The final experience enabled users to build, preview, and export custom visualizations while maintaining a streamlined and approachable workflow.
DESIGN SOLUTION 2: DASHBOARD BUILDER
Once users could create visualizations, the next challenge became helping them organize and communicate insights effectively.
I designed a dashboard-building experience that allowed users to assemble multiple visualizations into a centralized reporting space. Users could create custom dashboards tailored to specific goals, teams, or locations, bringing related information together into a single view.
To support more complex reporting needs, dashboards could contain multiple pages. For example, a sustainability manager could create a site-specific dashboard with separate pages dedicated to energy, water, and waste performance. This structure provided flexibility while maintaining organization and clarity.
By building dashboards around reusable visualizations, users could efficiently create reporting experiences without duplicating work, creating a scalable system for analytics and decision-making.
SHARING
Analytics are most valuable when insights can be distributed and acted upon. To support collaboration, I designed a flexible sharing model that allowed users to share visualizations and dashboards with individual users, user roles, or entire organizations. This ensured stakeholders could easily access relevant reporting while reducing duplicated work and maintaining consistency across teams.
For this, I started out designing in Figma and then switched to Cursor to finish the designs and edge cases.
SYSTEMS THINKING
A key design consideration throughout the project was creating a connected ecosystem rather than isolated features.
The visualization builder and dashboard builder were intentionally designed to work together as part of a larger analytics workflow. Users first transformed raw data into reusable visualizations and then organized those visualizations into dashboards that supported reporting, monitoring, and decision-making.
By designing shared patterns, consistent interactions, and reusable components across both experiences, the platform could scale alongside future analytics capabilities while providing users with a cohesive and predictable experience.
VALIDATION & TESTING
To validate the experience, usability testing was conducted with users representative of the target audience. Participants were asked to complete key analytics workflows, including creating visualizations, configuring data, and organizing information into dashboards.
The testing sessions produced positive results, with all participants successfully completing the assigned tasks. Users responded favorably to both the visual design and overall usability of the experience, highlighting the clarity of the workflow and ease of configuring complex analytics. The findings provided confidence that the designs successfully balanced advanced functionality with an intuitive user experience.
REFLECTION
This project reinforced the importance of systems thinking when designing complex enterprise products. Rather than focusing solely on individual screens or features, I needed to understand how each experience connected to the broader analytics workflow and user goals.

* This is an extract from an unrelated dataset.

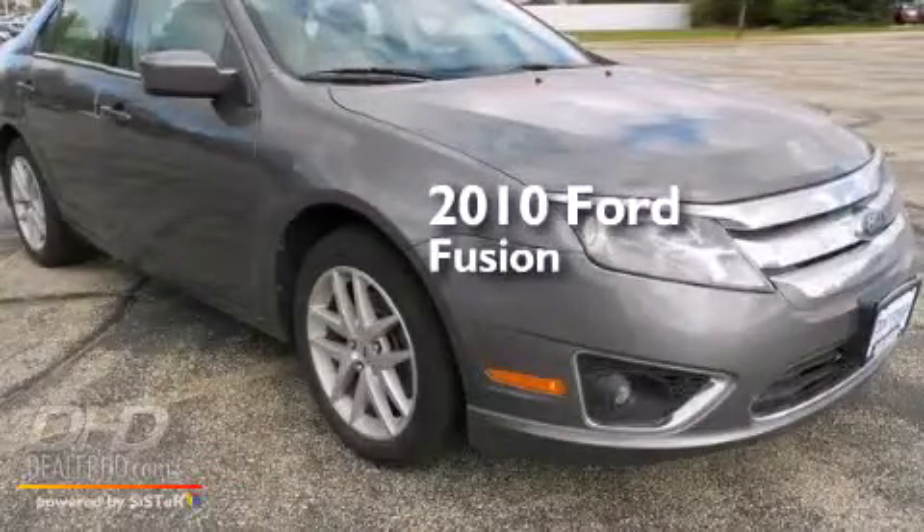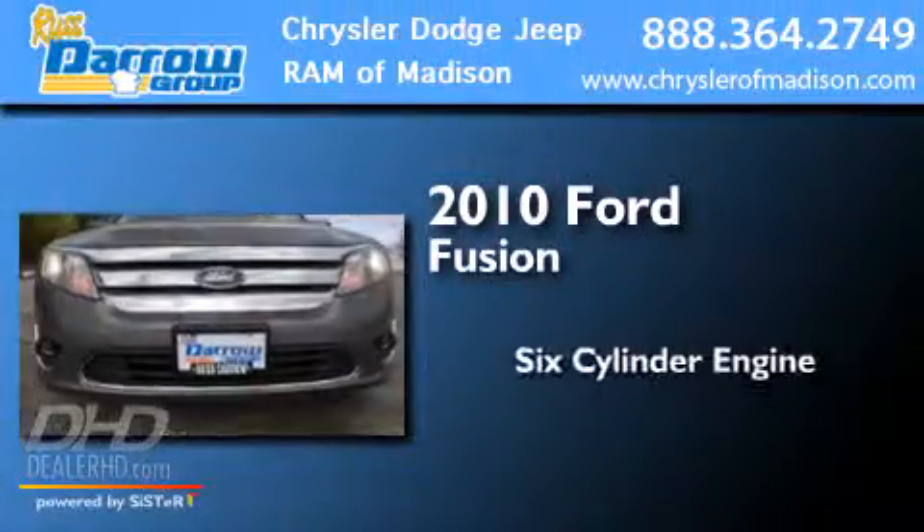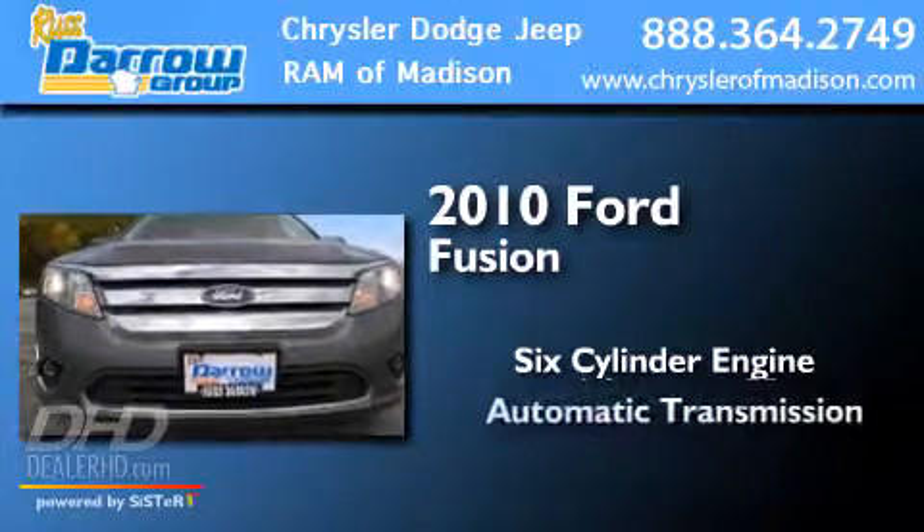This is a 2010 Ford Fusion. It features a six-cylinder engine and an automatic transmission.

One of the biggest challenges was balancing powerful functionality with usability. Analytics tools often require significant flexibility, but too many options can quickly become overwhelming. Through thoughtful information hierarchy, progressive disclosure, and reusable design patterns, I was able to create experiences that supported sophisticated reporting needs while remaining approachable for users.
Looking back, if I had more time, I would have liked to conduct additional usability testing on dashboard organization and long-term reporting workflows to further validate assumptions and identify opportunities for refinement. Overall, the project strengthened my ability to design scalable systems, collaborate across disciplines, and simplify complex data-driven experiences.